Another story I've been sitting on for a bit, though
much less detailed than yesterday's, may affect many more people. The television business is dying. Or so said Henry Blodget, CEO of Business Insider. If you know that name you might be remembering that Blodget got himself perma-banned from the securities industry for civil fraud in 2003. He also writes for other publications like Slate and Newsweek, mostly doing what he did in the securities business: predicting.
In June he predicted that the television business was on the verge of collapse. In particular, Blodget argues that the television industry is following the same fatal mistakes that the newspaper business made in the past decade, confusing increases in things like viewer numbers for a sustainable revenue model. In particular, Blodget zeroes in on the way that digitization (both Web and digital cable/DVR) have changed our relationship with advertisements, which are the major source of television revenue. No shock to anyone who's paying attention: we don't watch ads.
The problem isn't limited to broadcast channels, which are generally free to receive and almost wholly supported by ad revenue - cable channels that depend on subscription revenue are also likely in trouble as people start ditching their cable lines the way they have been ditching their landline phones. This isn't an immediate problem, but if you project out ten years into the future I agree with Blodget - there's not much reason for people to keep their cable subscriptions. Shows come over the Web, particularly because that enables people to watch on whatever screen happens to be in front of them, be it television set, desktop PC, or tablet. New competitors (iTunes, Amazon, Netflix, Hulu) are taking aim at the money that Blodget notes is currently being "wasted" on cable subscriptions. These new competitors will also give us more on-demand options, and cater more to our schedules.
Blodget argues that it's often specific things, particularly sporting events, that are keeping more people from cutting the cord. As Matt Lewis noted in response to Blodget's piece, this is also particularly bad news for cable news channels. We neither need nor particularly want a cable-channel authority to keep us current, particularly when they can't even get the result of a major Supreme Court ruling correct.

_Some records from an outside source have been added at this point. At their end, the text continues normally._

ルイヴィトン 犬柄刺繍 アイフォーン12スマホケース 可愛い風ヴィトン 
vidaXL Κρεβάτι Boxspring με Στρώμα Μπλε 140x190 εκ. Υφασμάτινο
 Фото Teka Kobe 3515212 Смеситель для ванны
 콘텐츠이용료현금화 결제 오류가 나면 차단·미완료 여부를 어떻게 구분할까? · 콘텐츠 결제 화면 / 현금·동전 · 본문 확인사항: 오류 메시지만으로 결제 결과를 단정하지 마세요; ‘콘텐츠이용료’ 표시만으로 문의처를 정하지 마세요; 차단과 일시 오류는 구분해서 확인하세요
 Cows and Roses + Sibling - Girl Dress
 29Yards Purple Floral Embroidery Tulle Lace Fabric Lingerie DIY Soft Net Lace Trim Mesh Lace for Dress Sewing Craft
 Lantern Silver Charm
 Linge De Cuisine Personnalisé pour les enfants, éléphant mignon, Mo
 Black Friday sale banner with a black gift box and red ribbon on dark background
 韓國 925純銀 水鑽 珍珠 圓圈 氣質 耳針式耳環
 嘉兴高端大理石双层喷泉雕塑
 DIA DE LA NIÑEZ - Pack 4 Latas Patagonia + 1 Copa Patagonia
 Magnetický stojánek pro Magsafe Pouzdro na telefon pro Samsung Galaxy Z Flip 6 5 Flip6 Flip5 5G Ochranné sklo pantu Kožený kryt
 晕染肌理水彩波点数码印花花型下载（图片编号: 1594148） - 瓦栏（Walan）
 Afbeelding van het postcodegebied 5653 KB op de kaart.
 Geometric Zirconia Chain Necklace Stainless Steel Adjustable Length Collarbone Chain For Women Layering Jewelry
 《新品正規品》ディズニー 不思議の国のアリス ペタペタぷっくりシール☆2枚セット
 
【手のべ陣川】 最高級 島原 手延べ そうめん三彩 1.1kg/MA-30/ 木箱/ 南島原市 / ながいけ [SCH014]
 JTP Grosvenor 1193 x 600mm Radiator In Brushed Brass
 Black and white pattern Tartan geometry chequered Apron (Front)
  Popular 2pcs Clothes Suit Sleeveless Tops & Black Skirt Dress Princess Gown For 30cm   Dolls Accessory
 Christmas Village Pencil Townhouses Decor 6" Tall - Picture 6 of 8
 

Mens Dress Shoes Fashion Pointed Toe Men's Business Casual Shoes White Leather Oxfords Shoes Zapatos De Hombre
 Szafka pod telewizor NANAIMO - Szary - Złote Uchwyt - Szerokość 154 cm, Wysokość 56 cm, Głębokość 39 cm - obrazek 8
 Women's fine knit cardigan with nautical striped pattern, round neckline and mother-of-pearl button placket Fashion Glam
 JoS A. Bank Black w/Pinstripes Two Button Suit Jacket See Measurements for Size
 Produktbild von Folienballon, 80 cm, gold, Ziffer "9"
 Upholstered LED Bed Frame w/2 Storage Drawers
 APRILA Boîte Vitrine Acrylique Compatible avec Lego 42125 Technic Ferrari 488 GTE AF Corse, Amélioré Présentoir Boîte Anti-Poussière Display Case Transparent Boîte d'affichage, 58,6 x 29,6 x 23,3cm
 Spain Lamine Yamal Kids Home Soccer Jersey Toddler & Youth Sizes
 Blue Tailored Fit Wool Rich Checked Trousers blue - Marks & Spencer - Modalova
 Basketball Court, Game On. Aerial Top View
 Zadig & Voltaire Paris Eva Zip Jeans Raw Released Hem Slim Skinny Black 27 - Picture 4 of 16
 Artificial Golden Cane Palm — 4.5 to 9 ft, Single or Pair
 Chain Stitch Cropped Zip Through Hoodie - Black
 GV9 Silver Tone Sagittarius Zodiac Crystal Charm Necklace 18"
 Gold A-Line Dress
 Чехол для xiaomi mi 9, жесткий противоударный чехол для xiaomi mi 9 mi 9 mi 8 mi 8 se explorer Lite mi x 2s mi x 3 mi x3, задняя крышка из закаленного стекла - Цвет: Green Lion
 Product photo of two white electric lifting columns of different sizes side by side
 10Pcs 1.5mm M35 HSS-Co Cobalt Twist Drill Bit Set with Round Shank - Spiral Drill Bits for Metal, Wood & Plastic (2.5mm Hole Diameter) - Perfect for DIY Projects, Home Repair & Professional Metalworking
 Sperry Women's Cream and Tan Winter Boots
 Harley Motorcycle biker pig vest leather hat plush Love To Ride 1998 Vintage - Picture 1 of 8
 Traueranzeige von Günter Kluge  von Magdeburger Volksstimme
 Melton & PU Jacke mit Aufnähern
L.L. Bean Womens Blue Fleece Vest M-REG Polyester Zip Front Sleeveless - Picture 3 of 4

I "watched" the ACA decision via Twitter and the SCOTUSblog live stream. Those sources had it right. I didn't need a talking head on a screen to tell me what was going on, and I sure don't need to pay thousands of dollars a year for 500 channels I never watch.
Coda: One reason I hadn't posted this story yet was that I was waiting for someone to refute Blodget's numbers, to show where his reasoning was wrong. Instead, I got a notification that HBO has decided it doesn't want Web subscribers' money. Really, HBO? Your response to a campaign of people who are trying to give you money is "no, go away, we don't want your cash." If Blodget is right, and I believe he is, then the television business will have nobody to blame but themselves when their fire sales and funerals roll around.